Professional Leadership Racker’s stature derived in part from his professional leadership. He served on the editorial boards for the Journal of Biological Chemistry in the 1960s and later for the Journal of Membrane Biology and Biochimica et Biophysica Acta. His posture towards resolving disagreement was especially significant, notably during the highly contentious debates over ox phos. For example, after a disagreement about sequence of elements in the electron transport chain with Britton Chance, Racker and his student went to his lab, where additional tests clarified the results. Racker expressed the moral for students: “When you find something that disagrees with a paper or review, … get in touch with the person with whom you disagree. If the issue is indeed important to you, straighten it out by collaborative experiments rather than by polemics” (1976, p. 52).

His early life experience with politics in Europe seemed to shape his later actions. Racker tried to find the middle ground in theoretical debates on chemiosmotic ideas. In a letter to Peter Mitchell in January 1975, Racker offered one conceptual hybrid, he admitted, as “a gentle-man’s political compromise. From my early childhood, I had wanted to live in a peaceful world. Although I have always enjoyed friendly controversy and arguments, I have been most uncomfortable during the bitter polemics in our field in the last decade” (Prebble and Weber, 2003, p. 203). Racker endeavored to quell the ox phos tempest. In March 1974 he circulated a letter to ten leading biochemists, appealing for unity and proposing to publish a joint statement that, he hoped, would help stabilize the field and improve its negative image among other scientists and funding agencies. After two and a half years of correspondence and of alliances severed and mended, with Racker personally coaxing Mitchell to rejoin the project on at least two occasions, six researchers published a multi-authored review that, while hardly free of residual conflicts, was nonetheless widely interpreted as resolving the decades-old controversy. In 1975 Peter Mitchell received the Nobel Prize in Chemistry. Given Racker’s important work on reconstitution and the chimeric vesicles that helped secure the status for chemiosmotic theory, many colleagues were surprised that the honor did not include him as well. He continued to receive recognition, however, with a Gairdner Award in 1980.

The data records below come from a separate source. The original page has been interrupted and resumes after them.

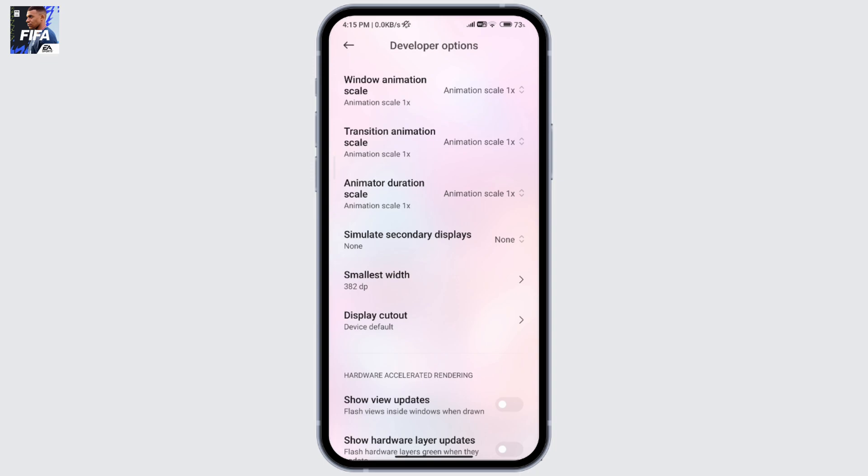different apps will show up. Click on FIFA Mobile and make sure to choose the system graphics driver on your FIFA graphics settings.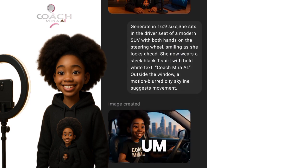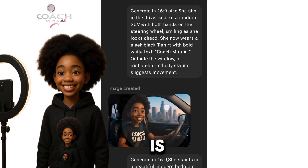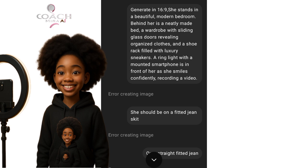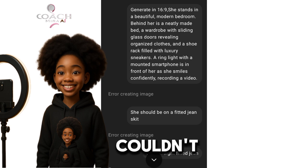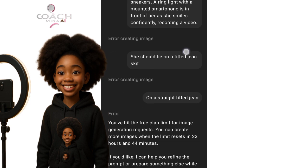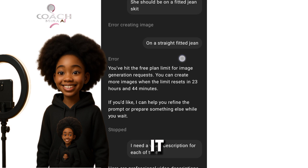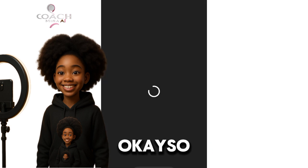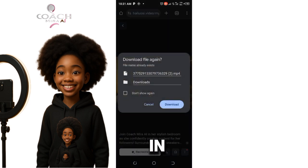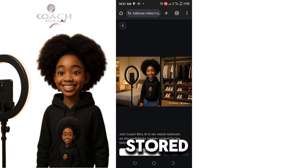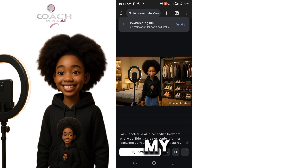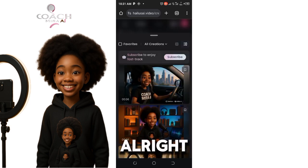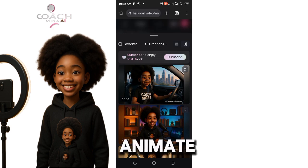For the third one, there were network issues so I couldn't generate it directly in ChatGPT — I've already generated it for you. I will drop all of them in my comment section. It is already stored here in my library. The next thing is to animate it.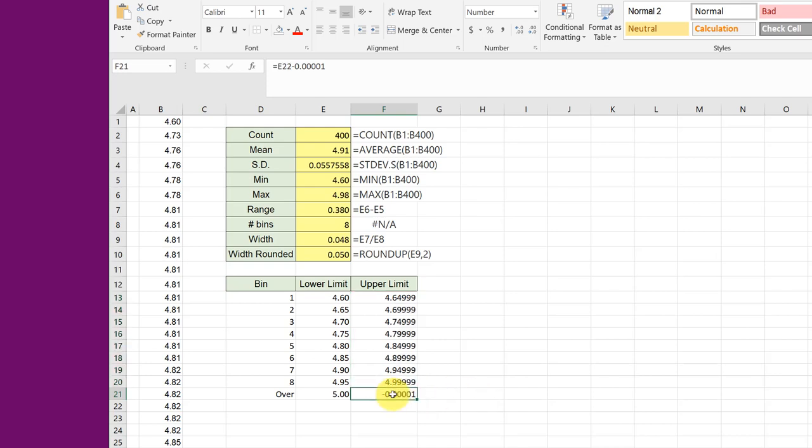Of course this last one doesn't make any sense. So those are my upper limits and now I can use those upper limits with any of the Excel tools to create the histogram.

Episodes of Research Misconduct Racker became involved in two episodes of scientific misconduct. In one case, he was leading critic; in the other, primary victim. The case in Racker’s own lab gained wide notoriety and remained in the early 2000s an oft-cited example of scientific fraud. Both cases, however, need to be studied to understand fully Racker’s conduct. They are striking complements, yet each illustrates Racker’s professional leadership. His responses were considered exemplary by most colleagues.

The first episode occurred during the heyday of conventional chemical approaches to ox phos. George Webster, working with David Green’s lab, had published a series of papers from 1962 to 1965 proposing a high-energy intermediate in the reaction series: Reduced Cytochrome c Coupling Factor, or RCCF. Racker tried to replicate the findings, hoping to resolve discrepancies with his own findings. At first, he noticed only errors in the methods for measuring ATP. Eventually, Racker went with two colleagues to Green’s lab at the University of Wisconsin, where experiments again failed, using Webster’s methods on samples they had prepared themselves. Racker asked to consult Webster’s laboratory notebooks. Webster acknowledged having fabricated his data. In this episode, Racker was credited for actively pursuing the false claims and for establishing definitive results with his strong experimental skills.

In the second episode, fraudulent data were fabricated in Racker’s own lab. Initially, in 1980, Mark Spector was considered a brilliant PhD student with exceptional technical aptitude and promise. At the time, Racker was shifting his research to cancer cells as he returned to puzzles about rates of glycolysis that he had set aside for several decades. Spector was set the task of purifying the membrane-bound ATPase from tumor cells, where it exhibited increased activity. Spector’s quick success seemed to confirm the strong recommendations that had accompanied his graduate school application. His remarkable work seemed to continue as he reportedly isolated, in turn, a series of enzymes that sequentially triggered inefficient ATP-dependent membrane transport of sodium (leading further to excess glycolysis). Finally, he announced that the first component in the “kinase cascade” was similar to a protein produced by the Rous sarcoma virus. The events that led to viral cancer seemed dramatically solved. The model generated much excitement when first presented to the Tumor Virus Group in May 1981. Racker and Spector published the scheme in Science on 17 July.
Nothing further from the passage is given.